For the design of prestressing force it is supposed that prestressing tendons are designed in column as well as span areas. One half of the tendons in each direction is uniformly distributed in the span and one half is concentrated around the columns. This seems to be the optimum solution with respect to both design and economy. The acting of the prestressing on the structure is considered as follows.

Source: VSL:

Real tendon on the 2D member directly

Definition of the prestressing in the post-tensioned 2D member is done using standard tool Post-tensioned internal tendon. Till version SCIA Esa PT 2007.1 post-tensioning in a 2D member had to be defined on a fictive rib which was defined on the slab. This solution was bit complicated and not so user friendly. That’s why the concept of the “hanging nodes” has been implemented. Hanging nodes is a term used in the finite element method describing the interpretation of an element on the mesh. The mesh of the tendon and attached elements (1D beam or 2D) is independent. The tendons are modelled as a 1D member with eccentricity if hanging nodes are not used. When the hanging nodes are used then the stiffness of the tendon is added to the closest mesh element according to the type of projection.
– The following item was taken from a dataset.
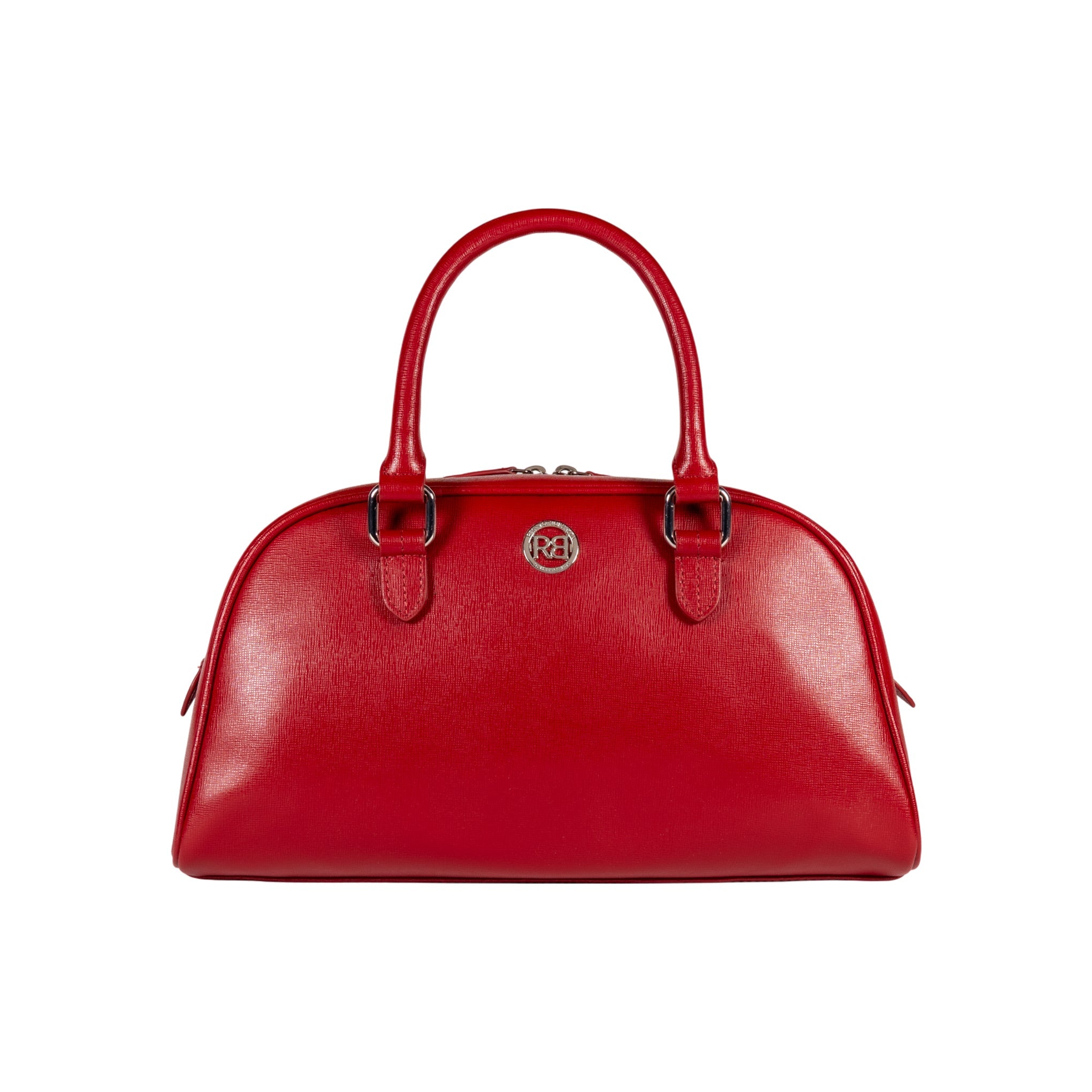 RB1034V | VIRGINIA Women's Bowling Bag in Genuine Saffiano Leather Made in Italy. Polished Silver Metal Hardware. Color: Red. Dimensions: 35 x 19 x 14.5 + 12 cm (handle drop)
Fig.: Tendon defined in 2D members

This functionality enables the user to attach internal post-tensioned tendons directly to 2D slab and shell elements. No dummy beam 1D (rib) is necessary. The mesh of the internal post-tensioned tendon and attached 2D elements can be independent.

For tendons allocated on 1D members (beams) it is possible to project the tendon perpendicularly on beam or proportionally. For tendons allocated on 2D members (slabs) only perpendicular projection is possible.

Fig.: The 4th floor after definition of all tendons


The internal forces can be evaluated as basic magnitudes in the Results and in Concrete too are the same for both cases, but the differences are in the Elementary design magnitudes. There are several differences between those internal forces. The short overview of differences is summarized in the following table.



Method for calculation of Design magnitudes

ENV method [6]

NEDIM (Baumann theory) [5]

Design magnitudes in the direction of the local axis (X, Y) of the slab YES


Design magnitudes in the direction of the reinforcement NO


Taking into account torsional moment mxy YES


Shear effect (6.2.3(7)) NO



Fig.: Typical distribution of bending moments myD- in the slab

Fig.: Detail of the internal column within nonprestressed reinforcement

One floor of the parking house has been modelled and checked in this tutorial. We introduced two possibilities how to defined prestressing in the slab (equivalent load, real tendon). Each option has some advantages and disadvantages. The general overview is in the following table.

Item Equivalent load

Real tendon

Preparation and definition of the prestressing Difficult Simple
Short-term losses NO YES
Long-term losses NO NO
Internal forces from prestressing in design YES


Area of prestressing in design NO (free bars are used)

NO (free bars duplicate geometry of the tendons)

Check of allowable concrete stresses NO NO
Check prestressed capacity or response NO NO
Check of prestressing reinforcement NO

YES (partly)

Check of punching with respect to prestressing YES


Code dependent deflection (CDD) YES NO
Is module post-tensioning needed? NO YES

The solution for a post-tensioned slab is not 100% comfortable and it doesn’t bring complete solution but with the help of the tutorial you will be able to perform the design of such a kind of structure including checking.